Your goal: Retype the listing below line for line, but only from the line with "Hello friends, welcome" down to the line with "The officer role", inclusive. Pictures stay out.

Recorded data:
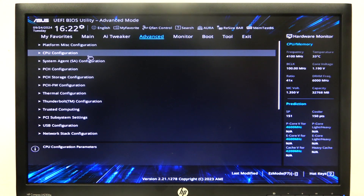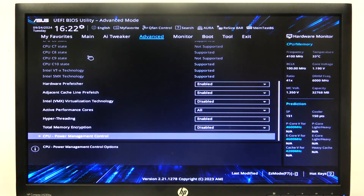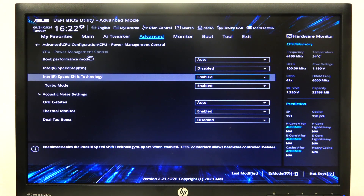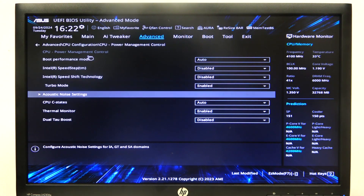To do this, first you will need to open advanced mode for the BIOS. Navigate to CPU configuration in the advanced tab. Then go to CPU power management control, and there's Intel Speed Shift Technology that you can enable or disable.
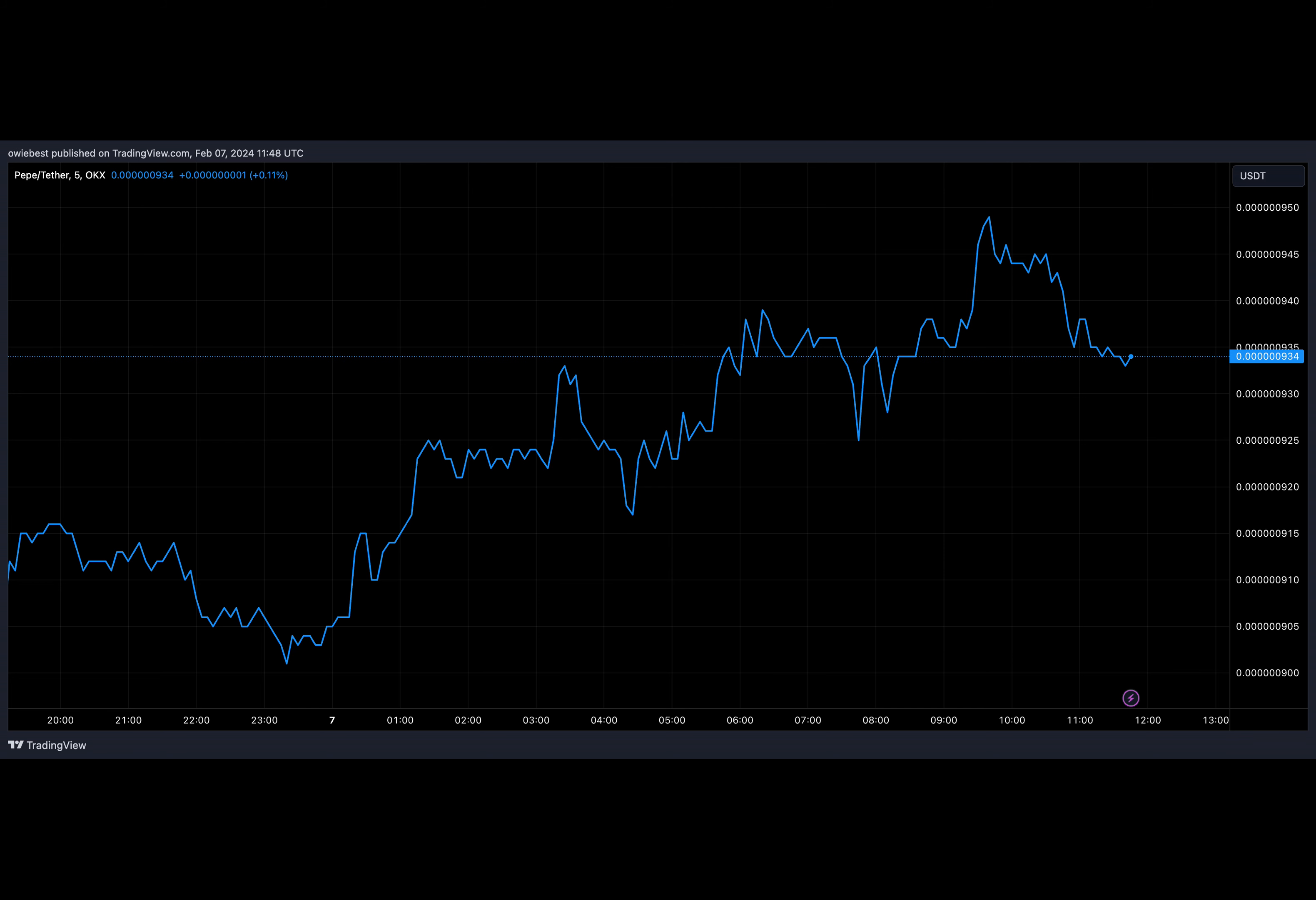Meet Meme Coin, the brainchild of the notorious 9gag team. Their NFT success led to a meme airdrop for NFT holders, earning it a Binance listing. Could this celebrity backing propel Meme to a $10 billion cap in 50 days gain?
--
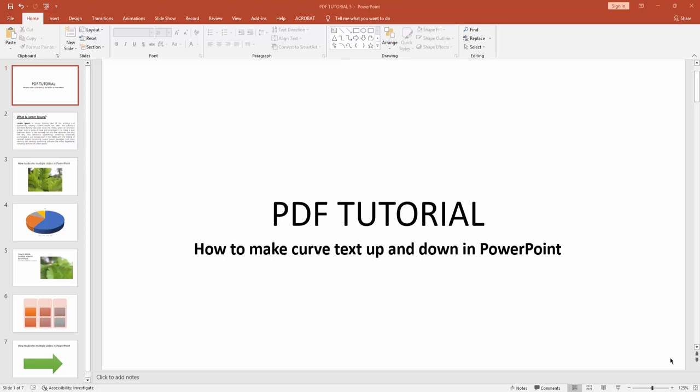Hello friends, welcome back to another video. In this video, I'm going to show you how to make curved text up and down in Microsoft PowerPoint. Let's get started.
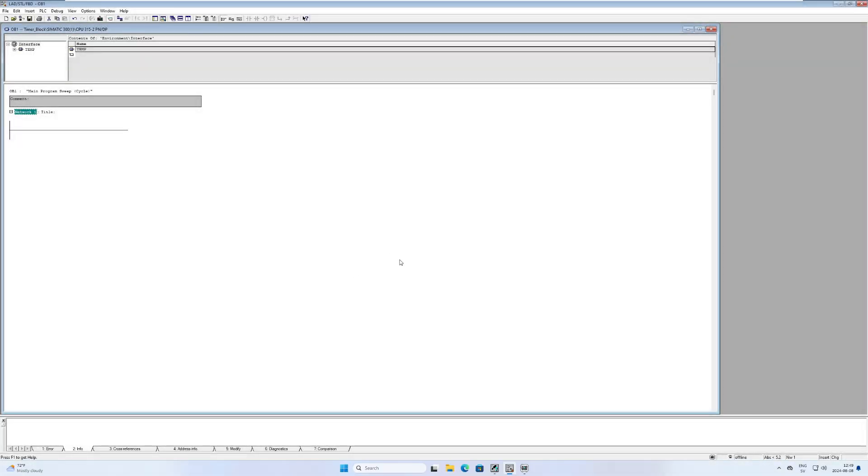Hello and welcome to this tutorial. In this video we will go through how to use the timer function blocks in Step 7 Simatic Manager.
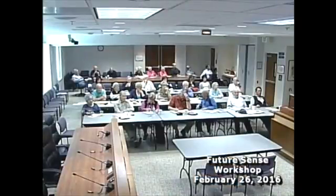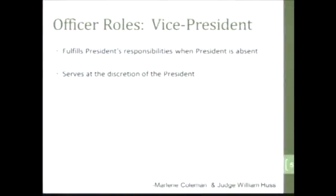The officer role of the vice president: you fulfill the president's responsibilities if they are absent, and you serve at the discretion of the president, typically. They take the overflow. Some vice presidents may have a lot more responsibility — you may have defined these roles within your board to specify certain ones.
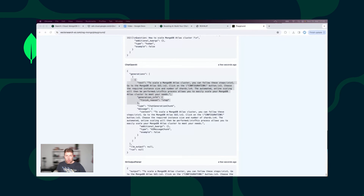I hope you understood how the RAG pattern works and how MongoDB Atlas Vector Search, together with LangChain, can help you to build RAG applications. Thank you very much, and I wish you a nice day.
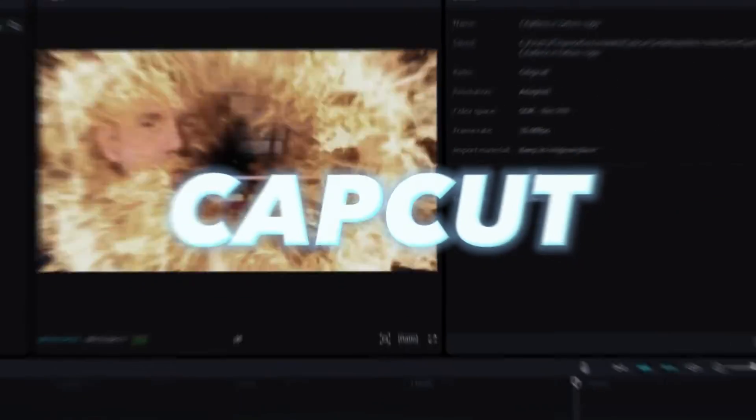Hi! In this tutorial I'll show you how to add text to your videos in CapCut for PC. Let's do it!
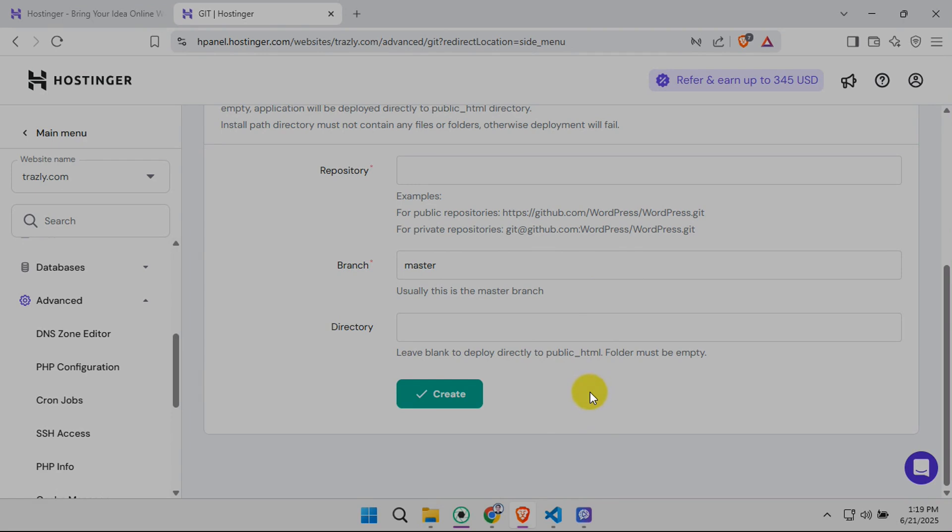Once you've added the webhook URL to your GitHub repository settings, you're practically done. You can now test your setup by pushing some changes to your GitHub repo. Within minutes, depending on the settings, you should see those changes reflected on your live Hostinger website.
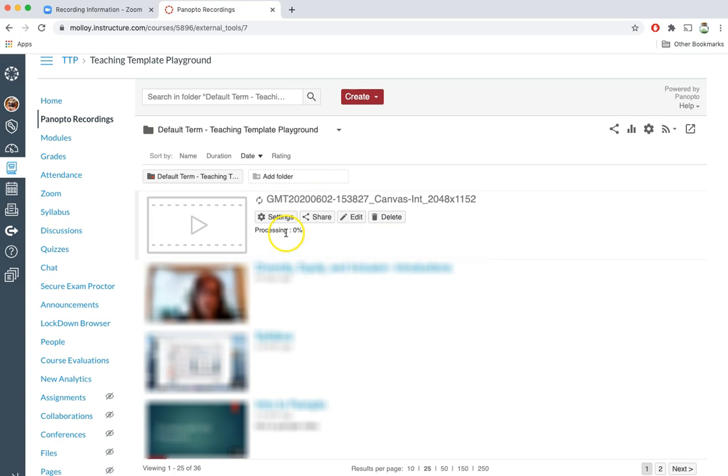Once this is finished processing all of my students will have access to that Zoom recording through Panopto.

Answer section:
Hello friends, welcome back to another video. In this video, I'm going to show you how to make curved text up and down in Microsoft PowerPoint. Let's get started.
Hello and welcome to this tutorial. In this video we will go through how to use the timer function blocks in Step 7 Simatic Manager.
The officer role of the vice president: you fulfill the president's responsibilities if they are absent, and you serve at the discretion of the president, typically. They take the overflow. Some vice presidents may have a lot more responsibility — you may have defined these roles within your board to specify certain ones.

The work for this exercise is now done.